John McEntee also edited William Hickey, but in the more straitened 1990s. These things don't happen any more. He writes about his childhood in County Cavan where he was abused by a teacher who sat him on his knee. “Brother Francis would now be called a paedophile, a term not in use in Cavan in the late ‘50s,’ writes McEntee. “My inclusion in the band and the football team were rewards for allowing Francis to interfere with me.”
He says this did him no harm at all, but it does seem to have left him with an obsession about penises. He pays tribute to Tom Driberg, referring to him as the first and best William Hickey on Beaverbrook's Express. He mentions Driberg's admiration for James Callaghan's “impressively proportioned penis”. He also includes a flattering, second-hand description of me, which my wife says is an exaggeration. Perhaps I should report this to Lord Leveson as an invasion of my privacy.
McEntee had a lively career in Dublin before he came to London. He once interviewed Ireland's oldest man, who caught a chill when taken outside for a photograph. The poor man died shortly afterwards. He also went to see PopeJohn Paul II when he went on pilgrimage to Knock, where the Virgin Mary once appeared. By sitting in a wheelchair among the chronically ill he bagged a place in the front row. Because he had drunk too much Guinness, he nearly had to leap up and relieve himself. This might have been hailed as a miracle.
McEntee tells how his editor, Rosie Boycott, at the Daily Express once lunched with Mohamed Al Fayed, the owner of Harrods, trying to persuade him to buy the paper from Lord Hollick. Fayed tried to seal the deal by giving Boycott two mink coats, the property of a late duchess, from his storeroom. The purchase never happened and the Express was bought by the pornographer Richard Desmond, The fur coats were stolen from Boycott's car shortly afterwards.
Perhaps the author's finest achievement was to invent the term “national treasure” to describe some of the great characters of his time. He used to invite his famous friends, such as Lord Longford, Beryl Bainbridge and Joan Collins, to lunches at the Express. Sadly, this ended in tragedy when one of his chums, the comedian Derek Nimmo, consumed a drop too many at one of these events and fell down some stairs that afternoon. He banged his head and died. On the day Tommy Cooper died on stage at Her Majesty's Theatre, McEntee, representing The Sun, door-stepped Mrs Cooper with flowers. She asked him to answer her telephone and he fielded calls from Eric Morecambe, Michael Parkinson, Eric Sykes, Ronnie Barker, Barry Cryer and others who rang with their condolences. Death and comedy are never far apart in McEntee's world but, as he says, the Irish do enjoy a good funeral.

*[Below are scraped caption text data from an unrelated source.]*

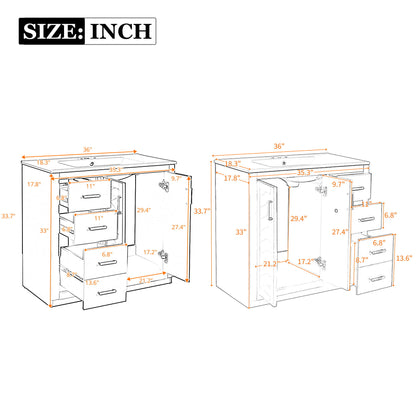 Modern Bathroom Vanity With Ceramic Sink, Freestanding Set With Drawers And Soft-Closing Doors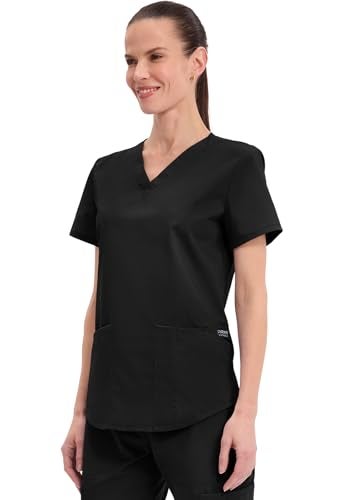 Cherokee Scrubs for Women V-Neck Top, 3 Pockets, Fade Resistant, Soft Stretch Fabric with Shirttail Hem & Side Vents Plus Size - WW665, 3XL, Black - Image 3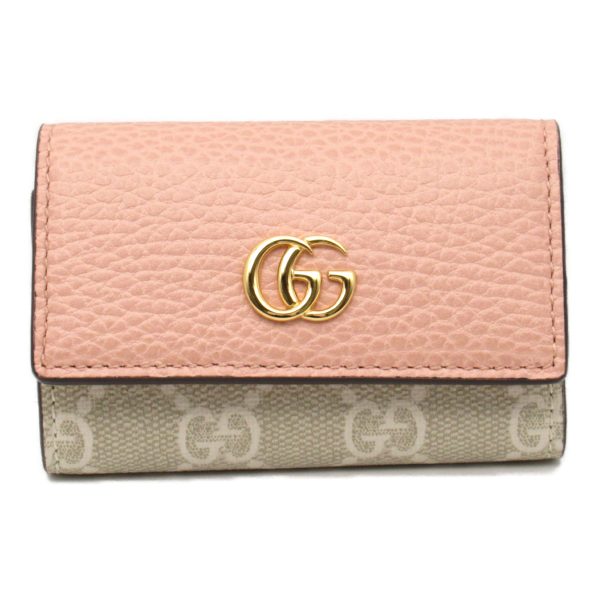 2101217956123 1 Gucci 6 Key Case Leather PVC Coated Canvas Pink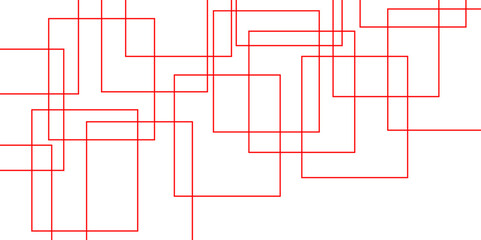 Abstract colorful geometric pattern square and random lines. Paper cut style with black lines. Luxury concept. White abstract background luxury with line red 3d paper cut style. 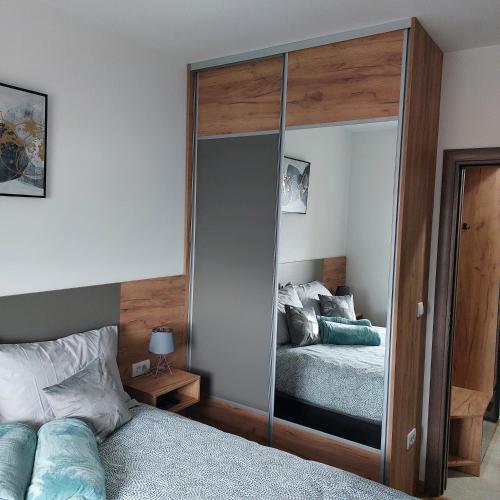 a mirrored closet in a bedroom with a bed at Snežna idila in Zlatibor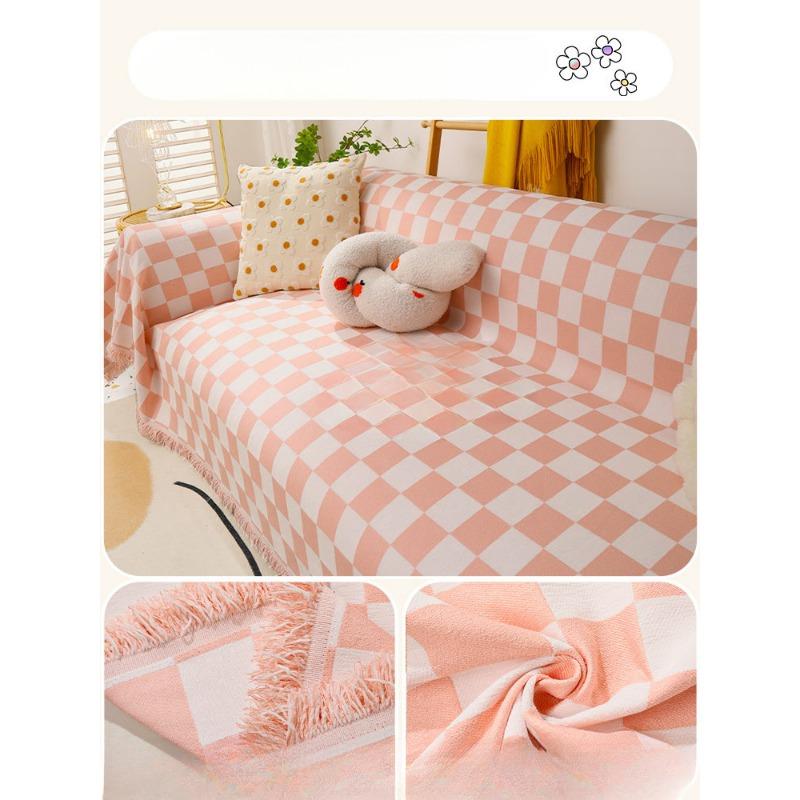 Chessboard Grid Nordic Instagram Style Sofa Cover Cloth Four Seasons Universal Dustproof Double-Sided Can Be Spread Sofa Blanket Cover Towel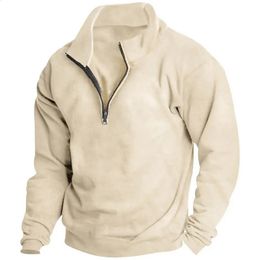 Men Clothing Vintage Thick Warm Mens Hoodie Stand Collar Sweatshirt Outdoor Casual Jacket 240123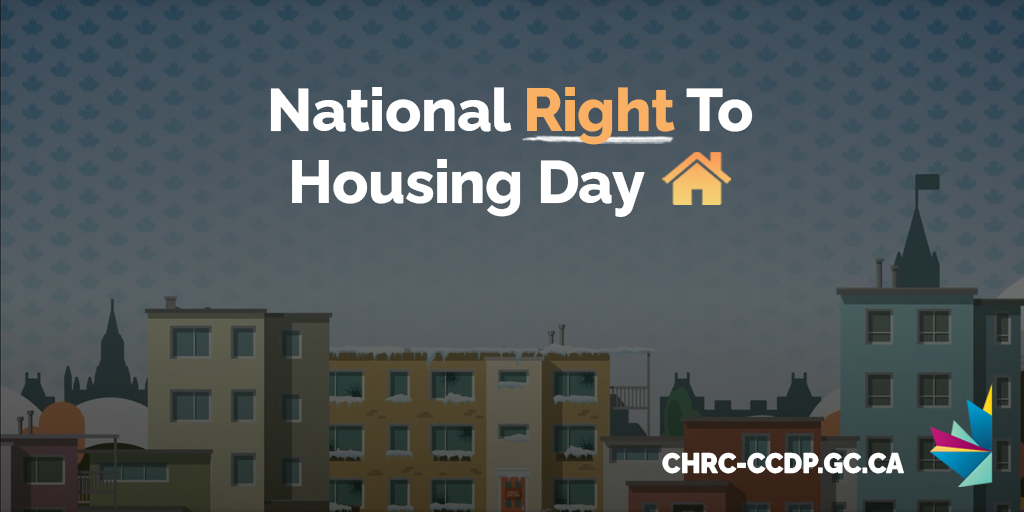 This #NationalHousingDay on November 22, we’re putting #HumanRights first. Join us in highlighting the #NationalRightToHousingDay instead – and say loud and clear that housing is a human right for every person in Canada. 🏘️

In June 2013, The Oldie carried a cartoon of Henry Cooper on its front cover. McEntee had interviewed the former heavyweight boxer for its “Still With Us” section. “Sadly, however, Henry was in fact no longer with us,” writes McEntee. “He had taken the celestial count just as the magazine was going to press.” The Oldie editor, Richard Ingrams, told the Evening Standard: “It's the curse of McEntee. He once killed the oldest man in Ireland.”
The ever-thirsty McEntee mourns the transformation of his once colourful and quixotic profession. “All the national newspaper newsrooms are now filled with terracotta armies of earnest young men and women rewriting magazine articles and churning out a grim mince of show business and celebrity stories about people they don't know and will never meet.”
Perhaps someone could tell Lord Leveson before he puts them out all of business that old-fashioned gossip scribes are only trying to earn a modest crust and keep everyone entertained.